どういうことか。「OBの方は自身の経験をもとに、新人に様々なアドバイスをしてあげます。ただ、秋広君みたいにメディアの注目度が高い選手になると人並み以上に助言を受けてしまう。普通の18歳だったら『何が正解なのか』と混乱してしまいますよね…」(前出関係者)。右も左も分からない新人が大先輩の意見に振り回され、本来の持ち味を発揮できなくなってしまった例は枚挙にいとまがない。ドラフト5位入団の選手なら、なおさら口を出したくもなる。

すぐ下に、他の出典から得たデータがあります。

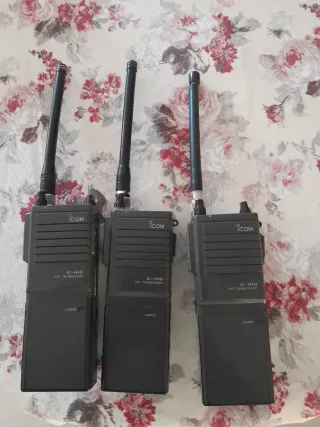3 Walkie Talkies Icom IC-H10 VHF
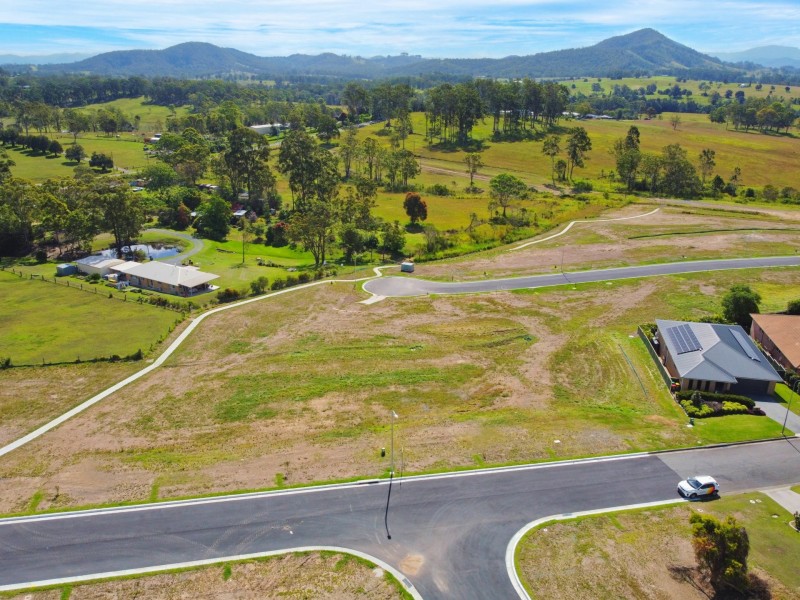 25 Ellenora Circuit, Wingham NSW 2429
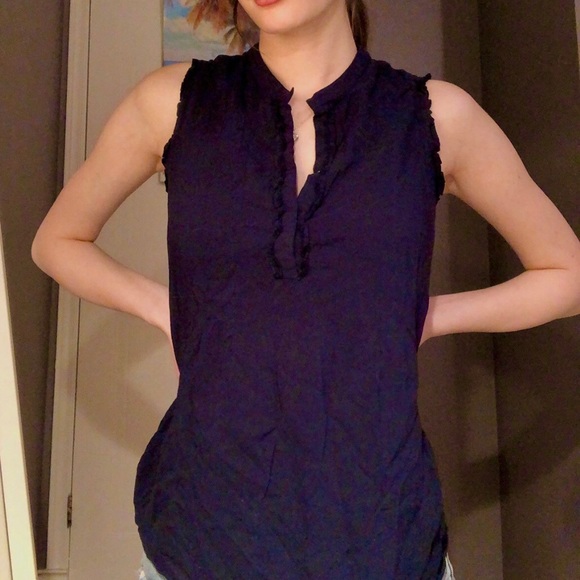 Tommy Hilfiger Blouse
Navy, Great condition, Barely Worn - Picture 3 of 4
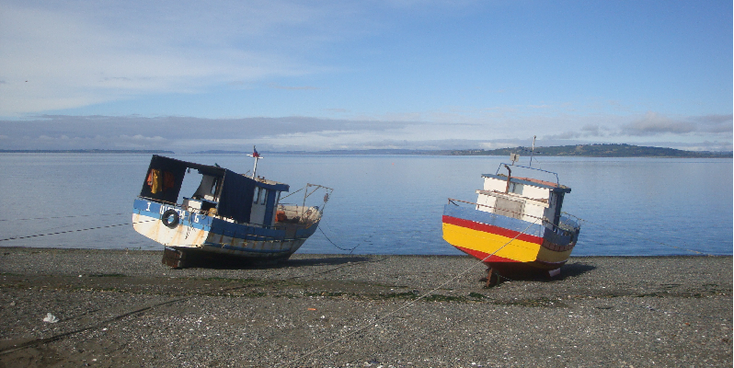 Tenaun-Chiloe-boten-op-oever-kust-Chili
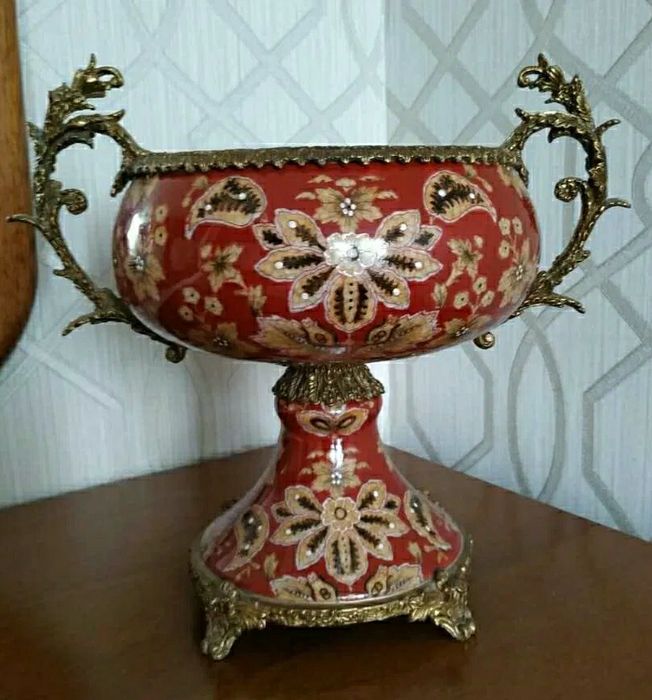 Вази, шкатулки, попільнички та цукерниця керамічні "Castilian Trading"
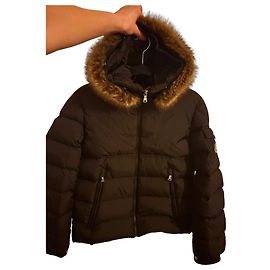 Doudoune Moncler noire avec capuche en fourrure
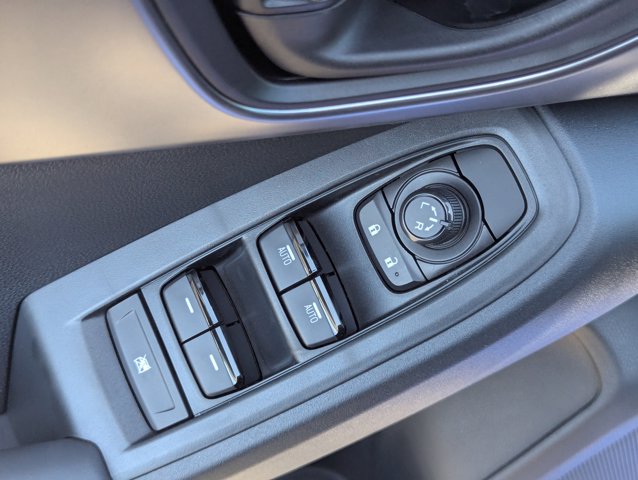 Vehicle image 22 of 24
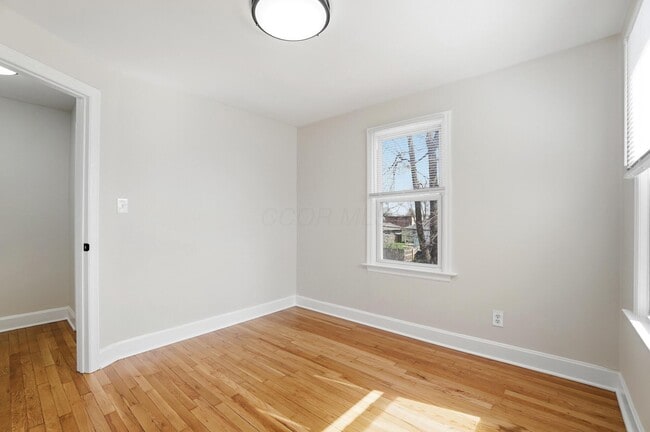 Building Photo - 1654 Ashland Ave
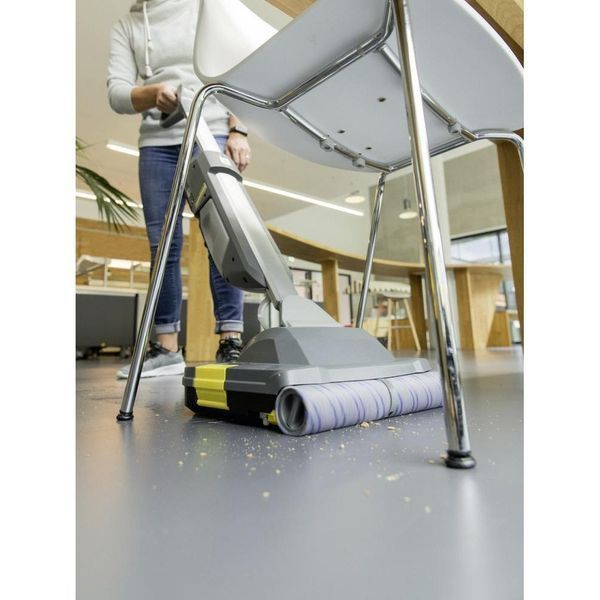 Миючий пилосос Karcher BR 30/1 C Bp Pack 18В/3,0 Ач (1.783-050.0) 021312 фото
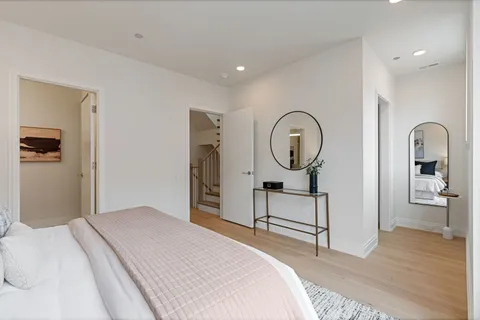$2,100,000 | 2329 North Cambridge Avenue, Unit C, Chicago, IL 60614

〝超大型新人〟にはチームも「極力、手を加えない方針」で指導を行ってきた。キャンプ序盤には、阿部二軍監督が「(秋広には)一切教えない。振れ、と。ある程度数多く打席を見て、そこからいじるところあれば、いじろうかなと。なきゃないでそのまま」と〝ノータッチ〟を明言。オープン戦に入り、壁にぶつかってからは原監督や後藤野手チーフコーチなどからマンツーマン指導が行われることはあったが、それまでは「天然素材」を活かして経験を積んできた。

キャンプ中に計測した打球スピードが、チーム内では岡本和に次ぐ数値をたたき出すなど、ポテンシャルの高さは一級品であることは間違いない。16日の試合後にも、指揮官は「(潜在能力は)並じゃないんだから」と改めて才能を高く評価。生まれ持った良さを崩すことなく、ここまでの過程を踏めたことが快進撃の隠された理由のひとつと言えそうだ。